▸ What to work on: In the data below, set down exactly the lines from the one containing "Now let's go" up to and including the one containing "Here's an actual". Leave the pictures out.

▸ Records to process:
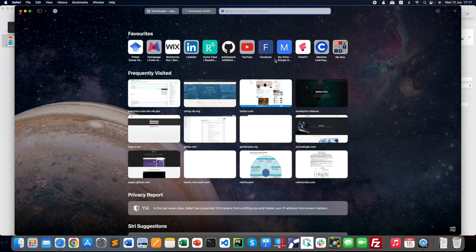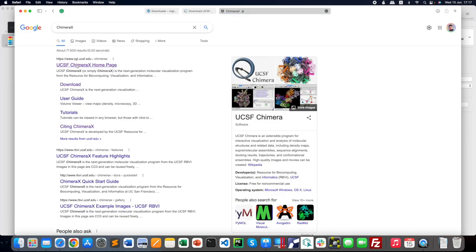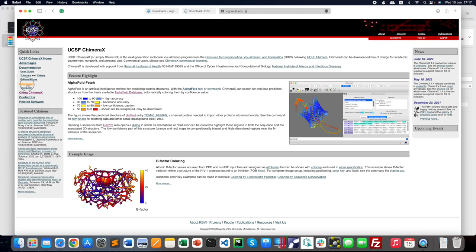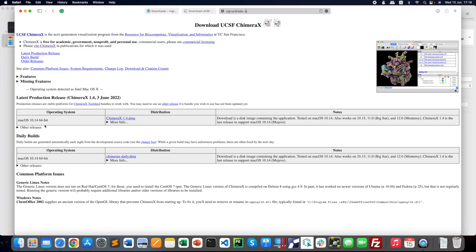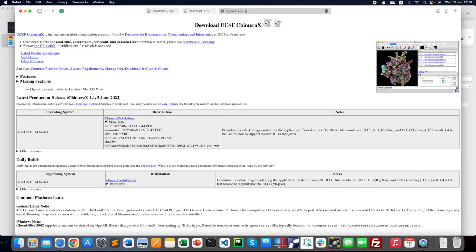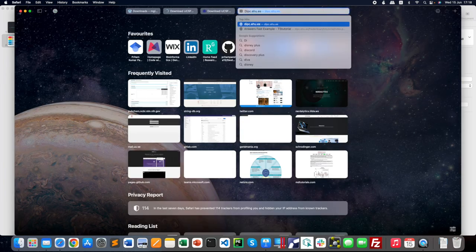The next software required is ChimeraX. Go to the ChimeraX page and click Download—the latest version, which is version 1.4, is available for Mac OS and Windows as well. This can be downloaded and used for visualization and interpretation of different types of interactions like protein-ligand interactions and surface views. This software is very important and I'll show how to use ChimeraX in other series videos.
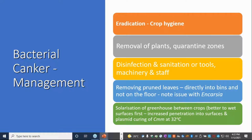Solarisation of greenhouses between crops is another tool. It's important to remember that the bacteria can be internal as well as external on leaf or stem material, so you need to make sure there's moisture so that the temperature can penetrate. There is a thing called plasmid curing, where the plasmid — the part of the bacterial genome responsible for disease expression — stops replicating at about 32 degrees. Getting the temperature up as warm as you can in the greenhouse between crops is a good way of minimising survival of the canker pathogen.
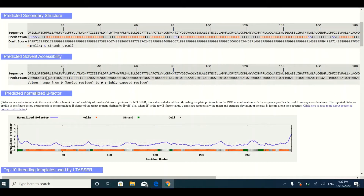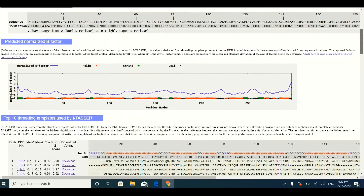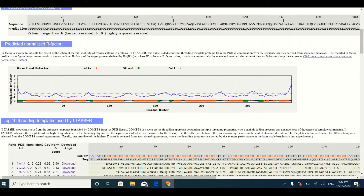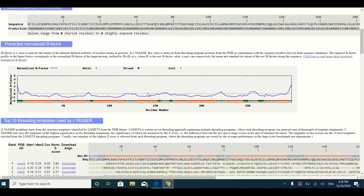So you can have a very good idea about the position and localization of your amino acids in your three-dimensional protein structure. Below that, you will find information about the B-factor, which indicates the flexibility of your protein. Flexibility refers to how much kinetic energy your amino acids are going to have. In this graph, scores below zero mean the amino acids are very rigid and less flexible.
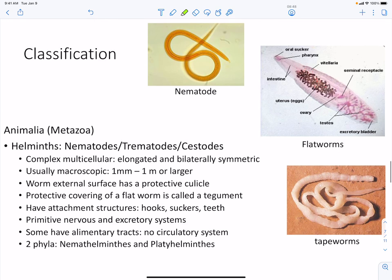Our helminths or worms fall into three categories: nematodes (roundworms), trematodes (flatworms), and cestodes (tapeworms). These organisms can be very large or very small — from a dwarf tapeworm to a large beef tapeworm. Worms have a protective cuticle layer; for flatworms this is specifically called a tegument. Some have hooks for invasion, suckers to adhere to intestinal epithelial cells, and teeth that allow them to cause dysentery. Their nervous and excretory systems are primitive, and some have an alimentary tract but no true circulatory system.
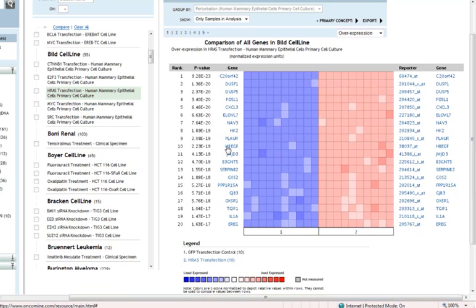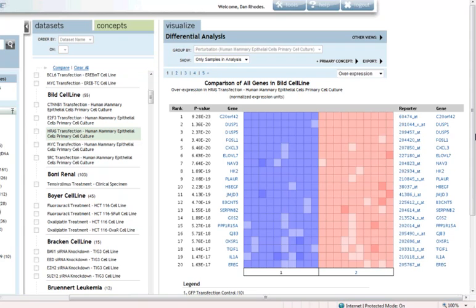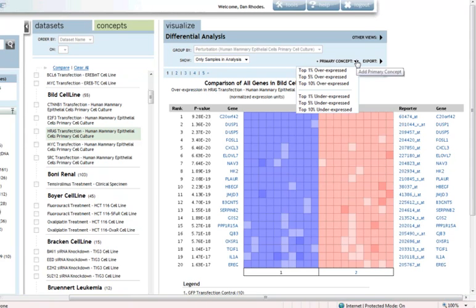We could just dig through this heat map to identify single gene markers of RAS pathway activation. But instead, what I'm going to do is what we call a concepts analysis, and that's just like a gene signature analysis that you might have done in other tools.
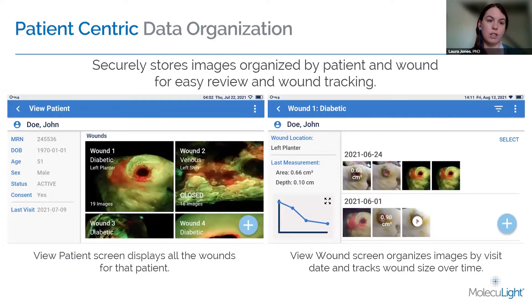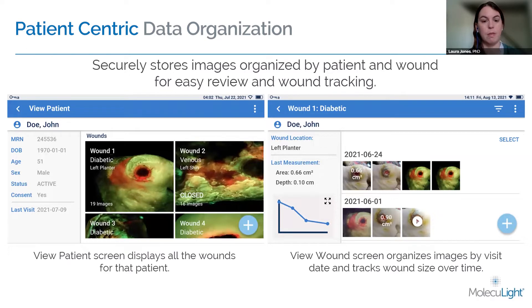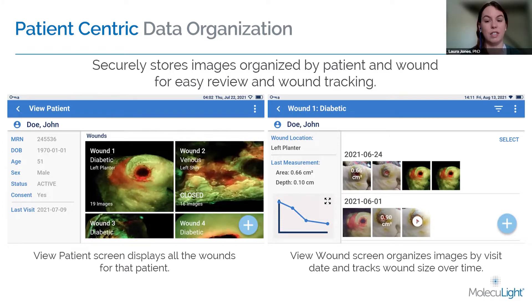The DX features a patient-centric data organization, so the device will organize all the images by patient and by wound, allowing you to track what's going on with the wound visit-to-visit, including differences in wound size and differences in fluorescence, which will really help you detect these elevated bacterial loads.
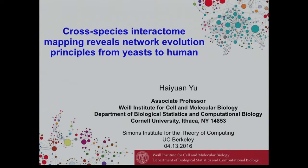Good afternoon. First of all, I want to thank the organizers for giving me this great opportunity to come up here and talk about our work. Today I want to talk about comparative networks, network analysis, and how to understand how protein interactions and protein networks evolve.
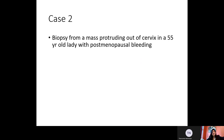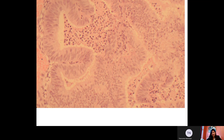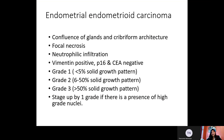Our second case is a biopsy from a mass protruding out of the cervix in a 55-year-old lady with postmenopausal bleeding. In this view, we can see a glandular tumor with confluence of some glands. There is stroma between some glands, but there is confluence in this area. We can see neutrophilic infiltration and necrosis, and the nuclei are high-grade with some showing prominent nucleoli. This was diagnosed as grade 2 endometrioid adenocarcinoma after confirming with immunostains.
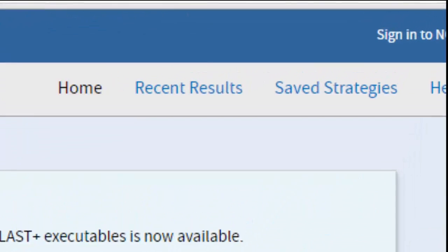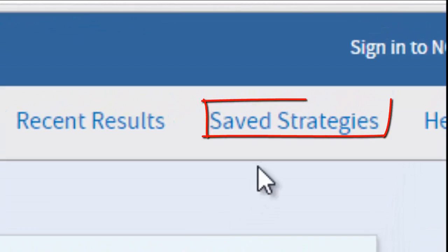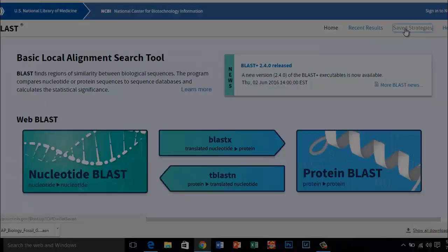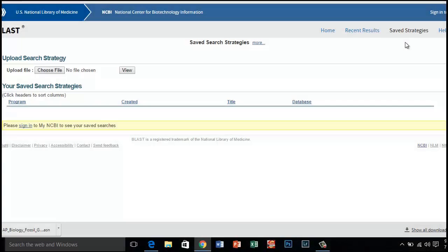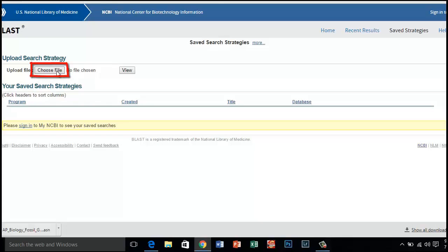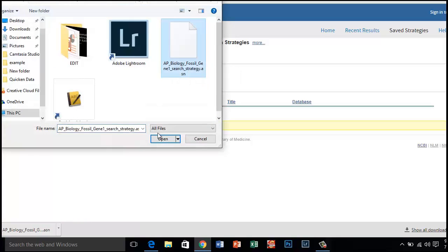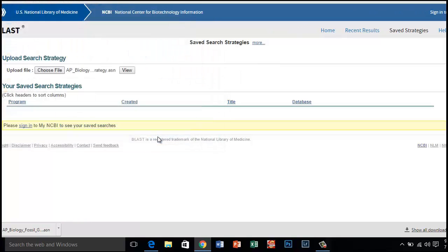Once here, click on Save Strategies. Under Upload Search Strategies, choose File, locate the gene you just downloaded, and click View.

...

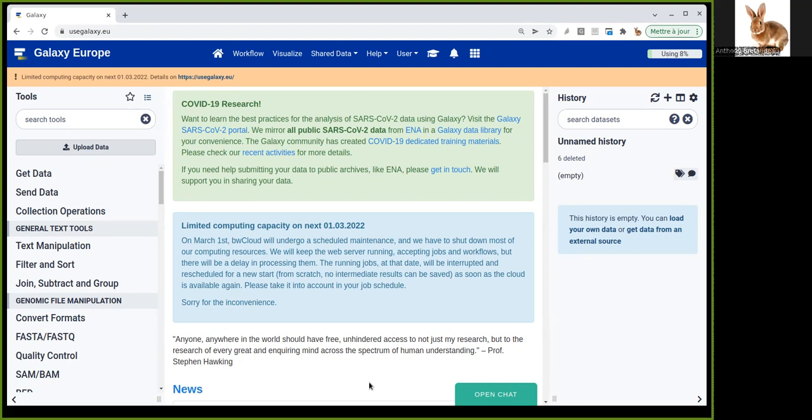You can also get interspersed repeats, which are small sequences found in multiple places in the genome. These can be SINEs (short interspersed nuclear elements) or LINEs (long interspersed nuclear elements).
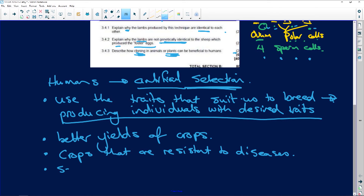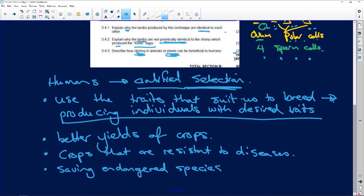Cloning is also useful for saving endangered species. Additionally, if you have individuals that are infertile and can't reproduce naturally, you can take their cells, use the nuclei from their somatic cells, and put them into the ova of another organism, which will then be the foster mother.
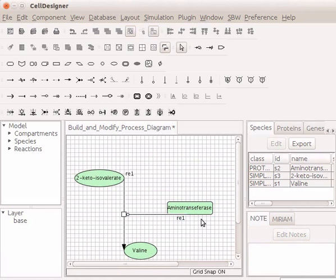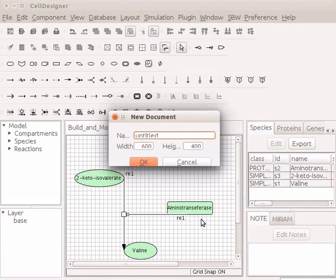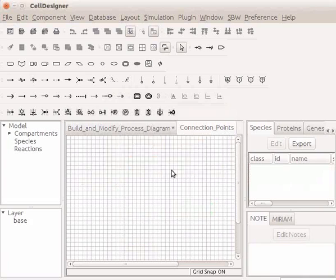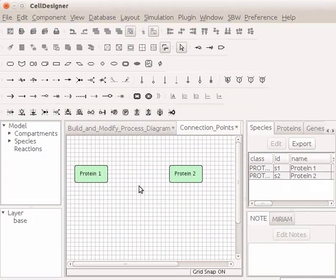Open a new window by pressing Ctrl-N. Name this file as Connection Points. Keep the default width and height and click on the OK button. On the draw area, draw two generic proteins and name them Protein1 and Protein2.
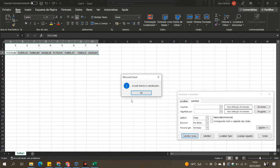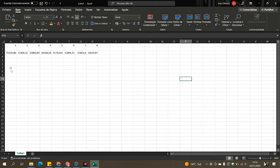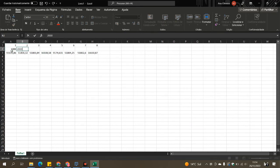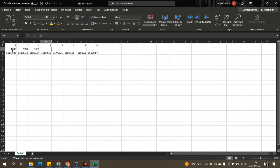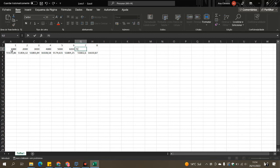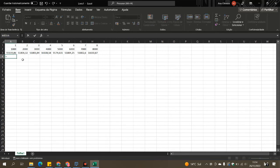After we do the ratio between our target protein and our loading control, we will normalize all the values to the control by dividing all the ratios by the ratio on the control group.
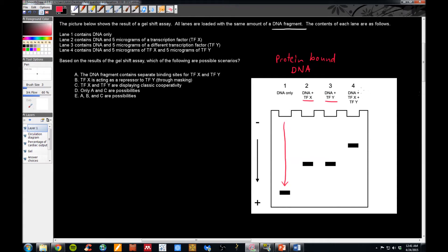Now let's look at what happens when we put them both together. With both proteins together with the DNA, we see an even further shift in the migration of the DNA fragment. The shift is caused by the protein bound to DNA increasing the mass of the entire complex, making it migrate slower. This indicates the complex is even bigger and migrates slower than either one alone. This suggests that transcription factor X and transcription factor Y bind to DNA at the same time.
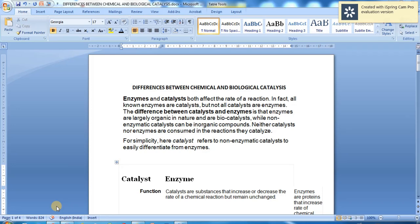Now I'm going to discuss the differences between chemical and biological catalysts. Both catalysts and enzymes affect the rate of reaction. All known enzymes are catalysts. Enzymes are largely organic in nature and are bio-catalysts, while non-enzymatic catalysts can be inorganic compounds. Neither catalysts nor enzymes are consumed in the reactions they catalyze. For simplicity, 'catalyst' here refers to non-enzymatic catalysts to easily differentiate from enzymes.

* * *

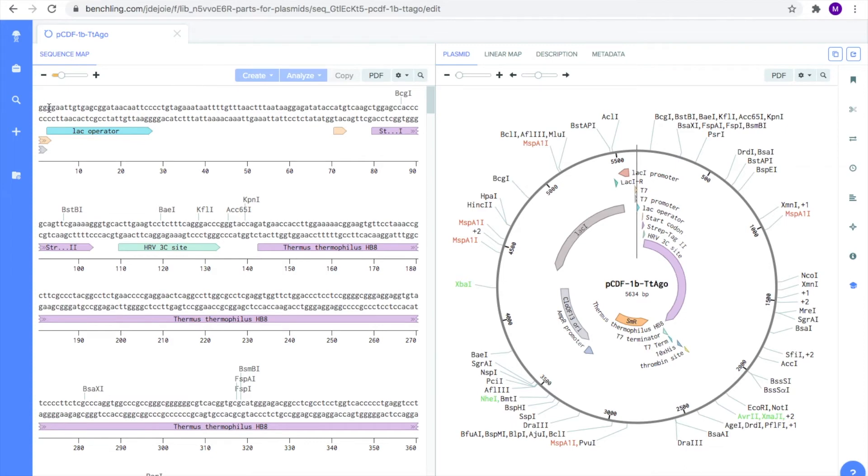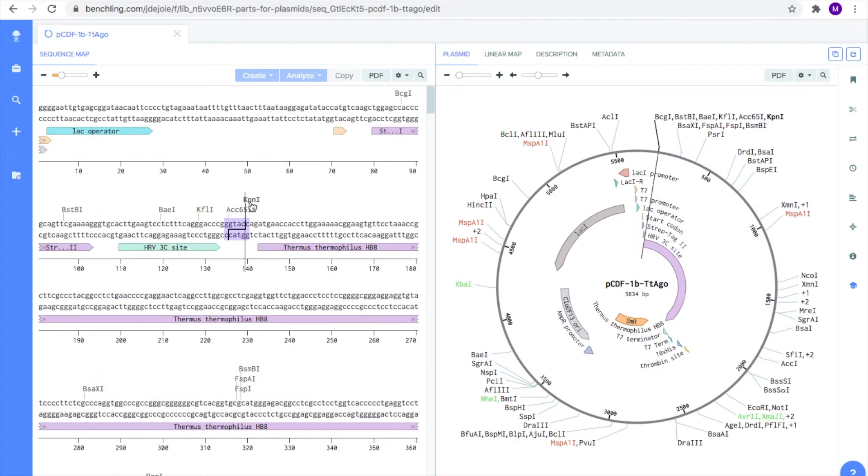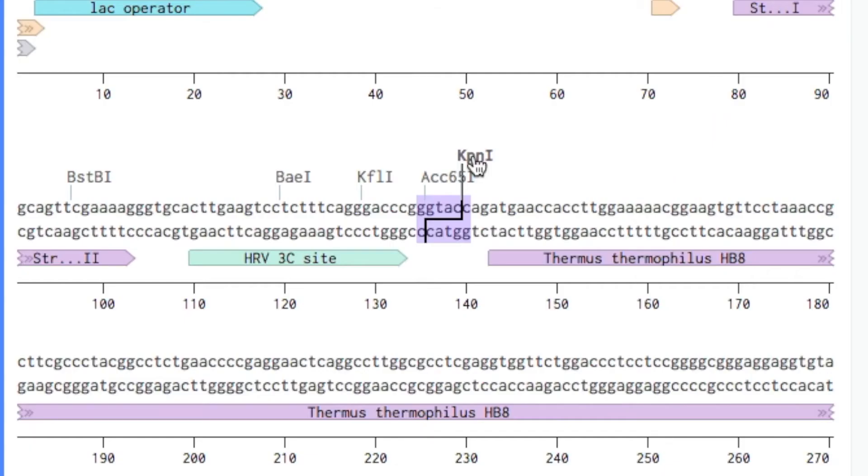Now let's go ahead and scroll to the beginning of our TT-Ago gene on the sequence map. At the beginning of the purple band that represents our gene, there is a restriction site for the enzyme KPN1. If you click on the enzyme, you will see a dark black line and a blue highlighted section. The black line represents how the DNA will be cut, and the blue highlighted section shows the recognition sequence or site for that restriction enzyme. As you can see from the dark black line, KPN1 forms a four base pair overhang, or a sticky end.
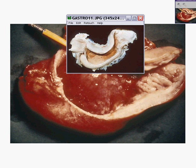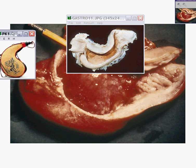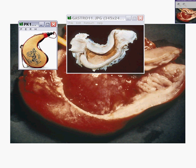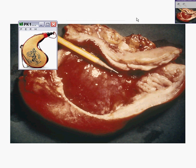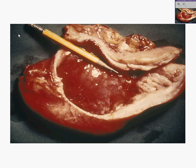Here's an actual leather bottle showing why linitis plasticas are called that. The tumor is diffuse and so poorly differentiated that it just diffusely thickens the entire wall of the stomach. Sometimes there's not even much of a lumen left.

▸ Output of the task:
Now let's go ahead and scroll to the beginning of our TT-Ago gene on the sequence map. At the beginning of the purple band that represents our gene, there is a restriction site for the enzyme KPN1. If you click on the enzyme, you will see a dark black line and a blue highlighted section. The black line represents how the DNA will be cut, and the blue highlighted section shows the recognition sequence or site for that restriction enzyme. As you can see from the dark black line, KPN1 forms a four base pair overhang, or a sticky end.
Here's an actual leather bottle showing why linitis plasticas are called that. The tumor is diffuse and so poorly differentiated that it just diffusely thickens the entire wall of the stomach. Sometimes there's not even much of a lumen left.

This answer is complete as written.